# What to work on:
Your answer should repeat the entries in full, exactly as given, with no pictures.

# Recorded information:

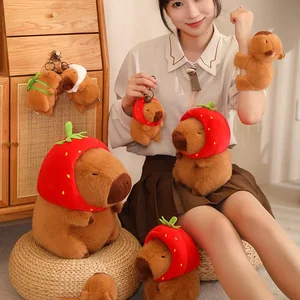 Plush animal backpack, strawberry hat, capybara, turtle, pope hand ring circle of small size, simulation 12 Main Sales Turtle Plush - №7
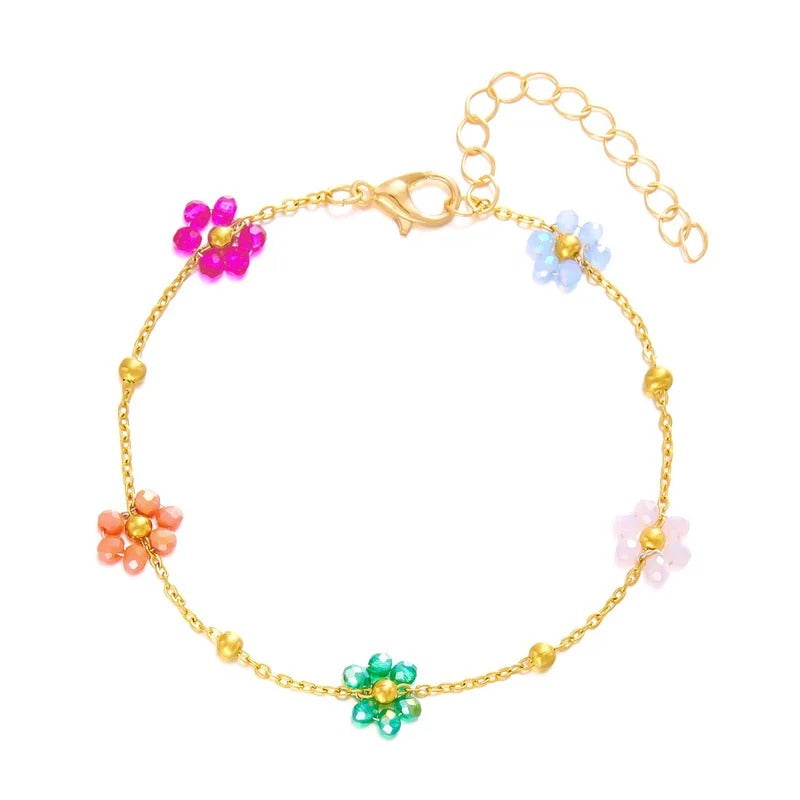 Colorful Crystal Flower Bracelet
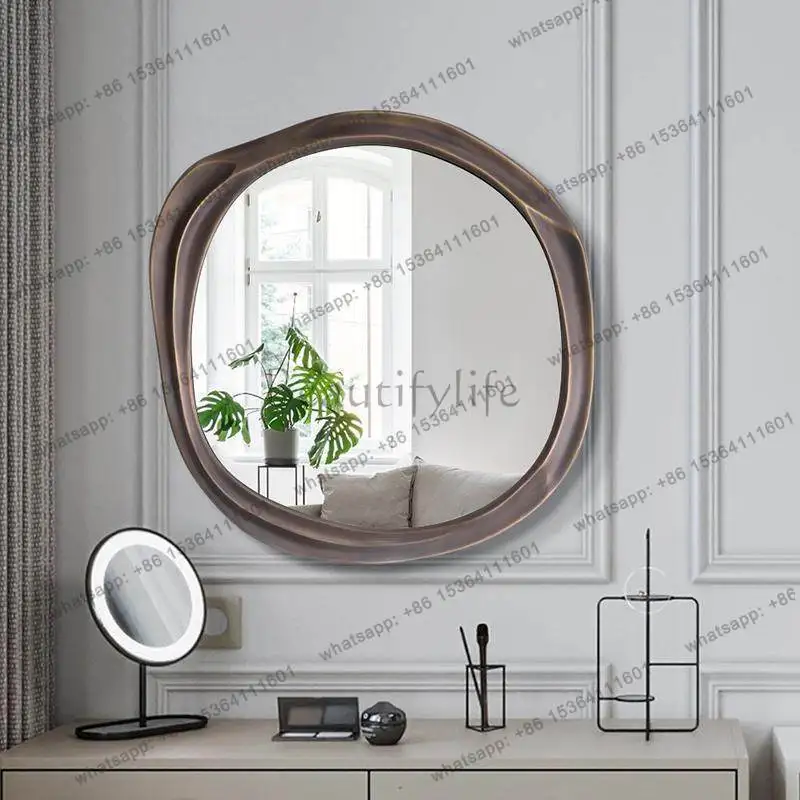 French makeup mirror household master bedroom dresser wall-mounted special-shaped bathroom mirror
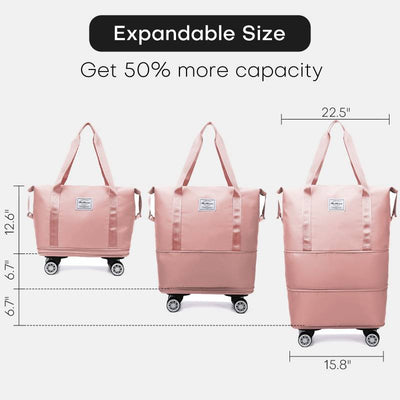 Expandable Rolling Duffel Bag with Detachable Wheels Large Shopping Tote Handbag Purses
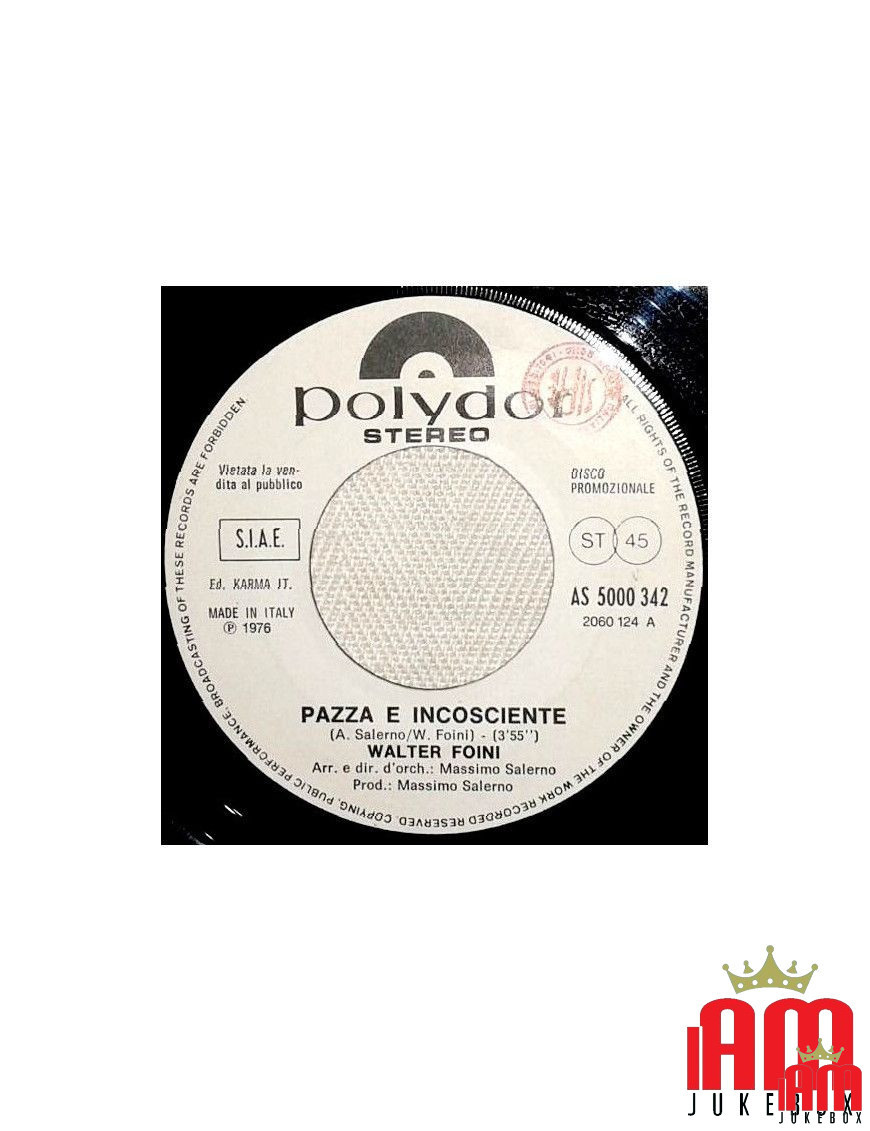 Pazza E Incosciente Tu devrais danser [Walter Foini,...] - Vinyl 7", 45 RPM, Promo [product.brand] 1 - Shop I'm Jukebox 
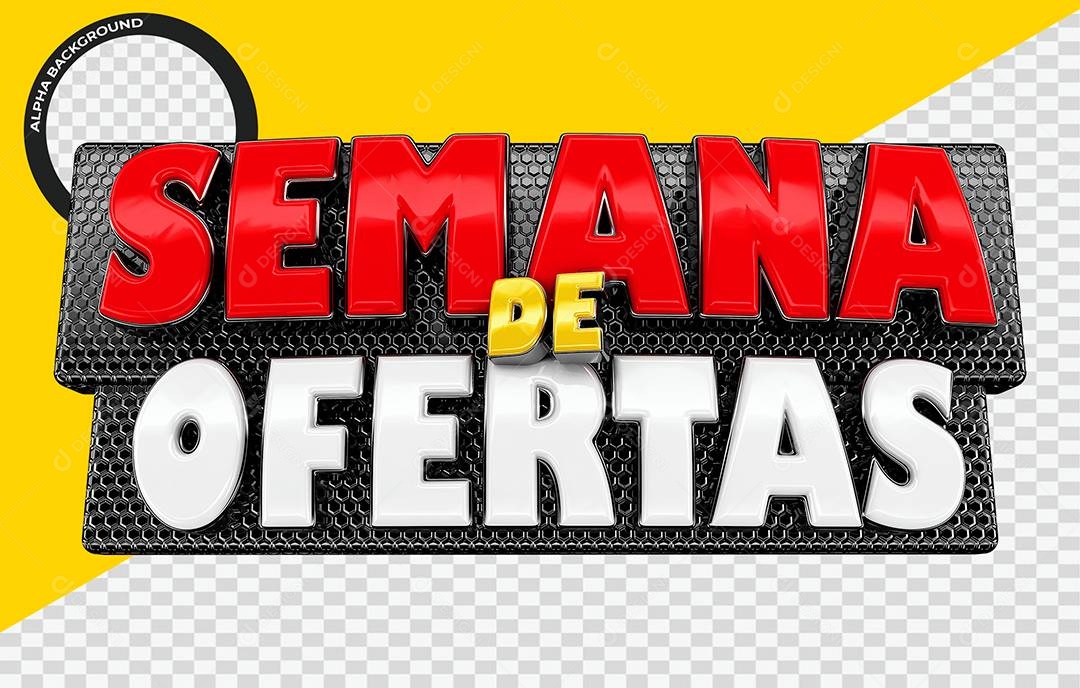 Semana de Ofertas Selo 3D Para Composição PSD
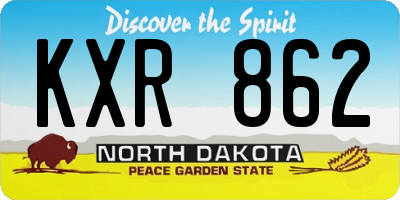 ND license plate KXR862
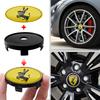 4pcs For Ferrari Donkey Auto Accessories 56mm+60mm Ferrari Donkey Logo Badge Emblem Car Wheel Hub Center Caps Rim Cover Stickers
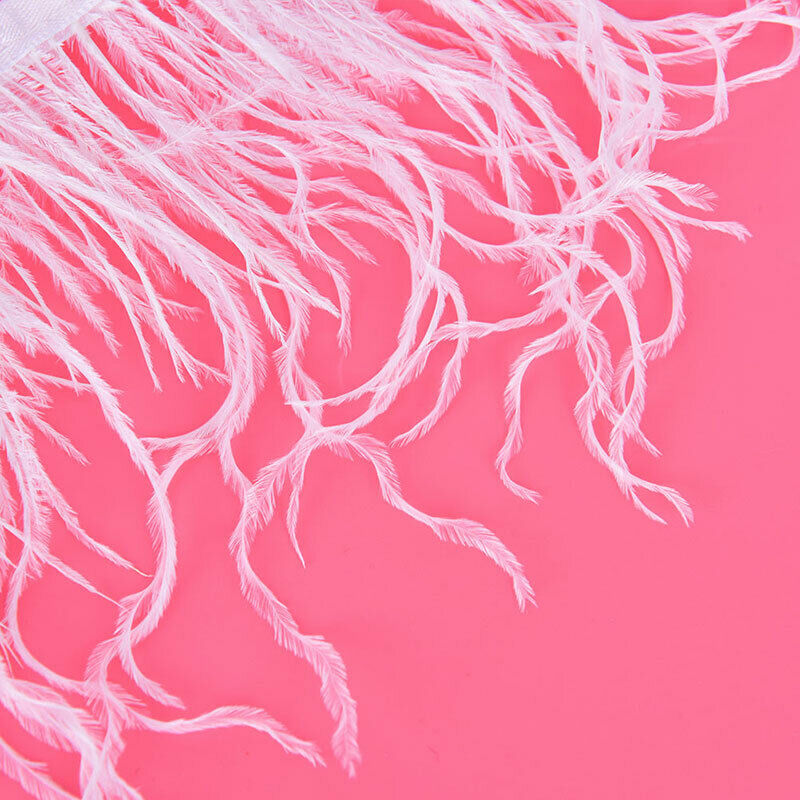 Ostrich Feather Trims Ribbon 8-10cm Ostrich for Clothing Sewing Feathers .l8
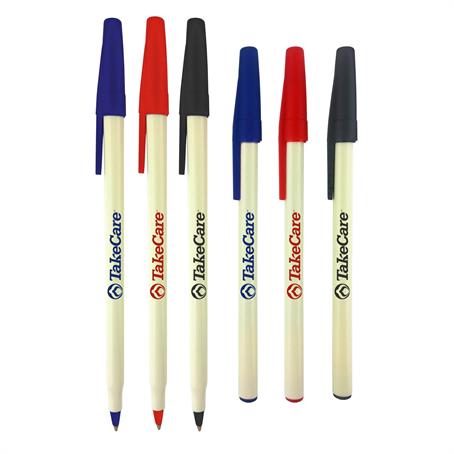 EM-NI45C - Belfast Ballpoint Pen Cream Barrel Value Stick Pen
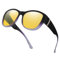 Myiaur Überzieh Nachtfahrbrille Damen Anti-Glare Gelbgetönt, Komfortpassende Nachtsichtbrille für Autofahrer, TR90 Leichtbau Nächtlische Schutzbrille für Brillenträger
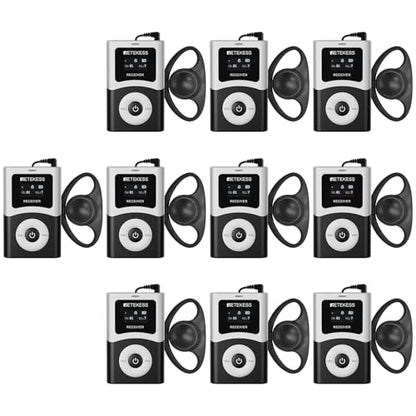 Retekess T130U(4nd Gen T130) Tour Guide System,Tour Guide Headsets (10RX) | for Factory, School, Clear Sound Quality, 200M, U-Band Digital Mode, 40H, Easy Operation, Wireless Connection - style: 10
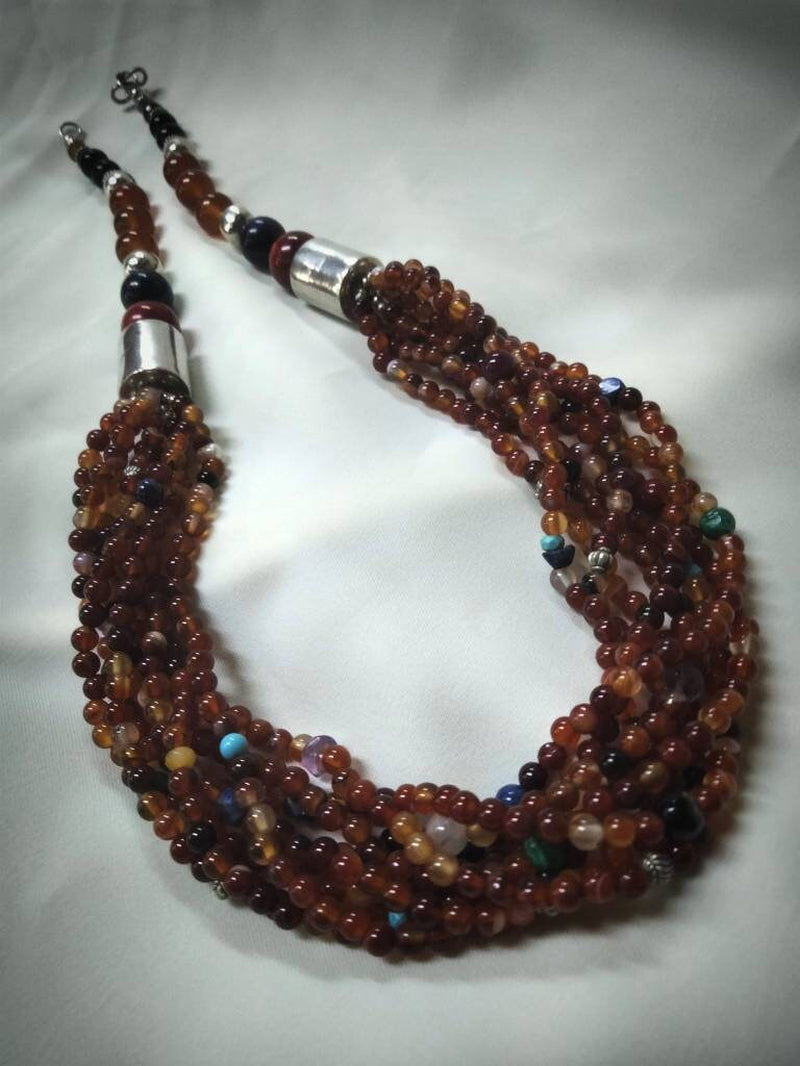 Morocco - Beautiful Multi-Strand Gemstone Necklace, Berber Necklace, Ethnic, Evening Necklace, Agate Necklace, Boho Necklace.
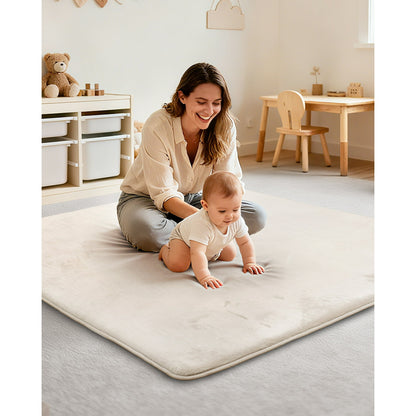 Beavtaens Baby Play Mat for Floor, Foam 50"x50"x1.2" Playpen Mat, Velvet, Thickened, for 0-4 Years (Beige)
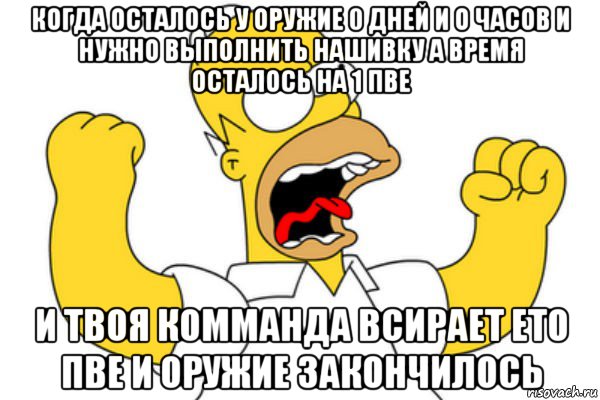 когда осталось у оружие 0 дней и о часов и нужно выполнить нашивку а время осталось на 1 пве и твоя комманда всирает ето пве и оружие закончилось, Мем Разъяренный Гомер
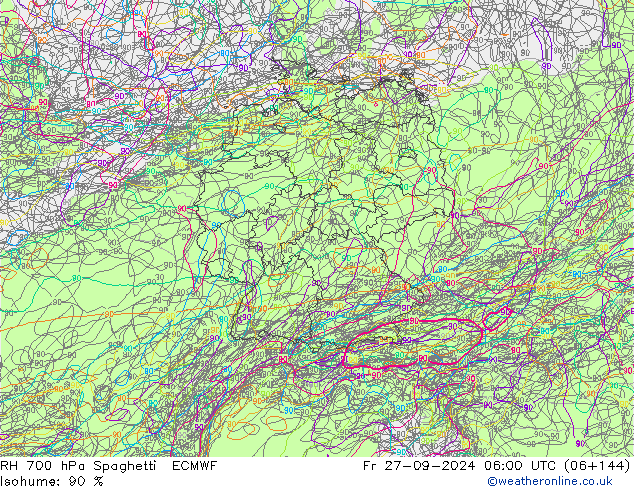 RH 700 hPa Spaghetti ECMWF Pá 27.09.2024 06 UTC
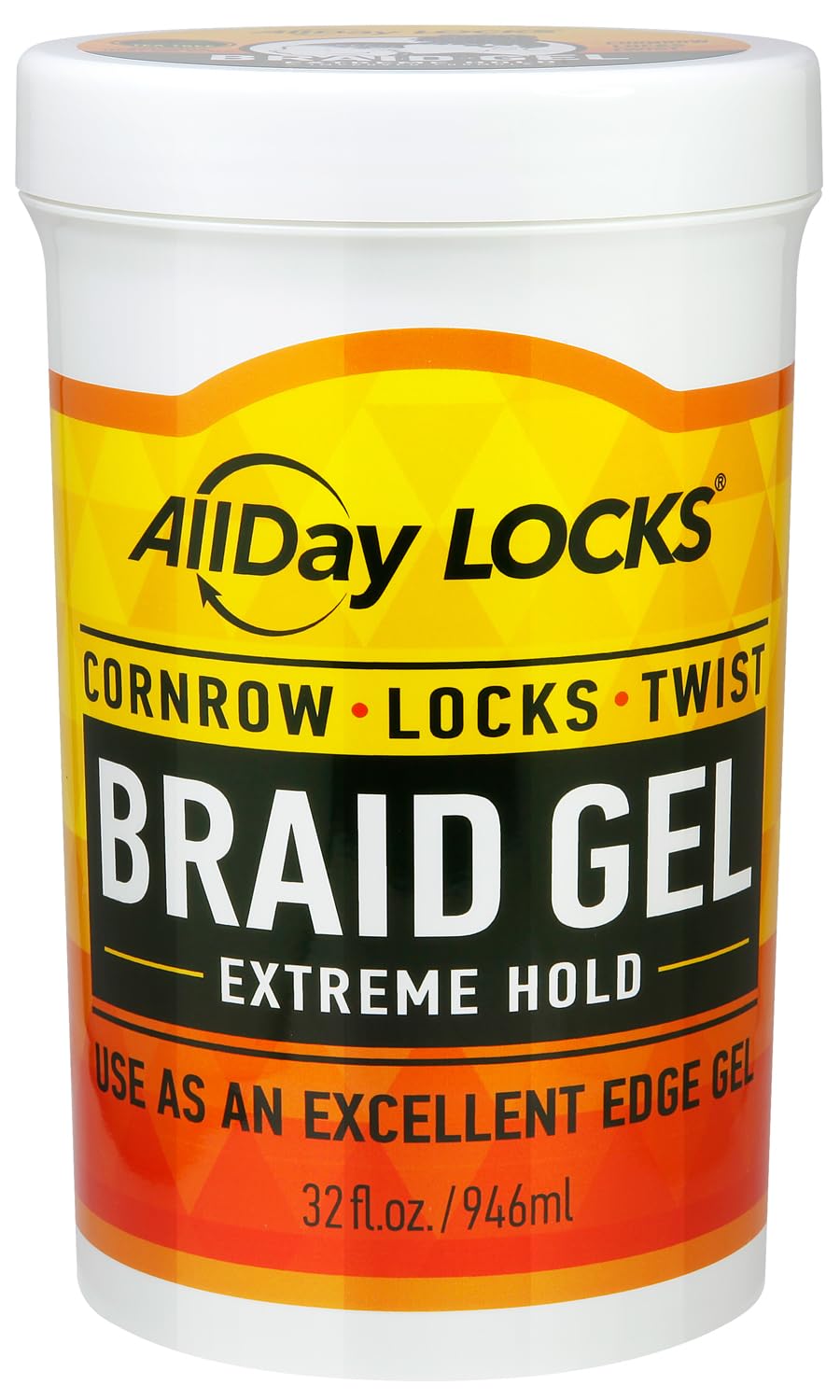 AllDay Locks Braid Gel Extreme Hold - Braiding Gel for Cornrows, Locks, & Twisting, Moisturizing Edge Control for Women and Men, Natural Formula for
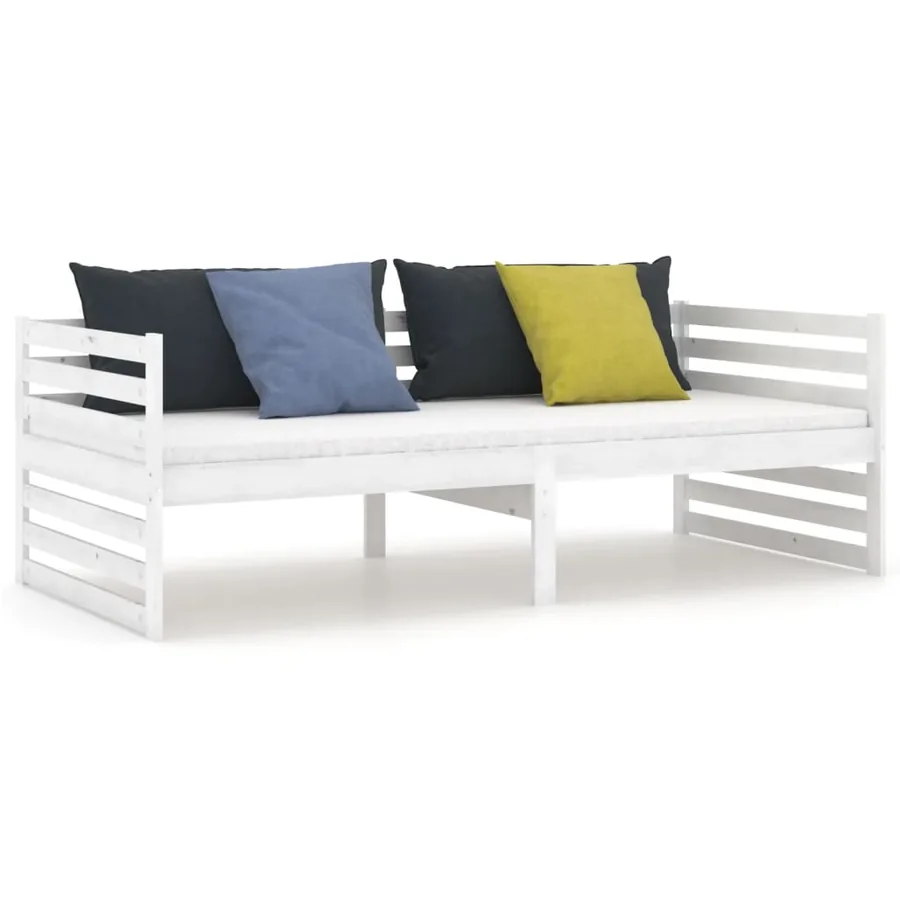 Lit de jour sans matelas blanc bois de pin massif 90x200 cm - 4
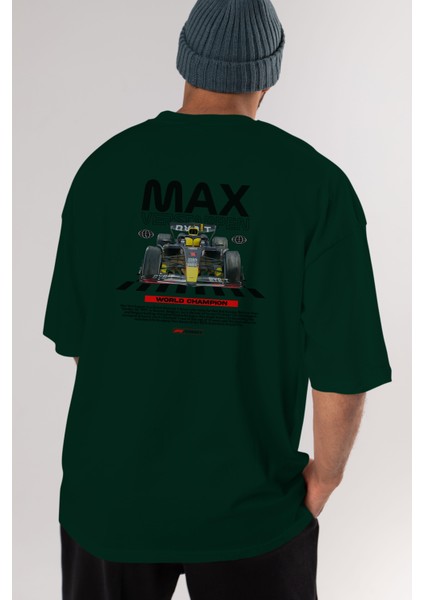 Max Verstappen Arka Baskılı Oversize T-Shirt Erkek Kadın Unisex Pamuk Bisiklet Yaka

# Expected output:
 Plush animal backpack, strawberry hat, capybara, turtle, pope hand ring circle of small size, simulation 12 Main Sales Turtle Plush - №7
 Colorful Crystal Flower Bracelet
 French makeup mirror household master bedroom dresser wall-mounted special-shaped bathroom mirror
 Expandable Rolling Duffel Bag with Detachable Wheels Large Shopping Tote Handbag Purses
 Pazza E Incosciente Tu devrais danser [Walter Foini,...] - Vinyl 7", 45 RPM, Promo [product.brand] 1 - Shop I'm Jukebox 
 Semana de Ofertas Selo 3D Para Composição PSD
 ND license plate KXR862
 4pcs For Ferrari Donkey Auto Accessories 56mm+60mm Ferrari Donkey Logo Badge Emblem Car Wheel Hub Center Caps Rim Cover Stickers
 Ostrich Feather Trims Ribbon 8-10cm Ostrich for Clothing Sewing Feathers .l8
 EM-NI45C - Belfast Ballpoint Pen Cream Barrel Value Stick Pen
 Myiaur Überzieh Nachtfahrbrille Damen Anti-Glare Gelbgetönt, Komfortpassende Nachtsichtbrille für Autofahrer, TR90 Leichtbau Nächtlische Schutzbrille für Brillenträger
 Retekess T130U(4nd Gen T130) Tour Guide System,Tour Guide Headsets (10RX) | for Factory, School, Clear Sound Quality, 200M, U-Band Digital Mode, 40H, Easy Operation, Wireless Connection - style: 10
 Morocco - Beautiful Multi-Strand Gemstone Necklace, Berber Necklace, Ethnic, Evening Necklace, Agate Necklace, Boho Necklace.
 Beavtaens Baby Play Mat for Floor, Foam 50"x50"x1.2" Playpen Mat, Velvet, Thickened, for 0-4 Years (Beige)
 когда осталось у оружие 0 дней и о часов и нужно выполнить нашивку а время осталось на 1 пве и твоя комманда всирает ето пве и оружие закончилось, Мем Разъяренный Гомер
 RH 700 hPa Spaghetti ECMWF Pá 27.09.2024 06 UTC
 AllDay Locks Braid Gel Extreme Hold - Braiding Gel for Cornrows, Locks, & Twisting, Moisturizing Edge Control for Women and Men, Natural Formula for
 Lit de jour sans matelas blanc bois de pin massif 90x200 cm - 4
 Max Verstappen Arka Baskılı Oversize T-Shirt Erkek Kadın Unisex Pamuk Bisiklet Yaka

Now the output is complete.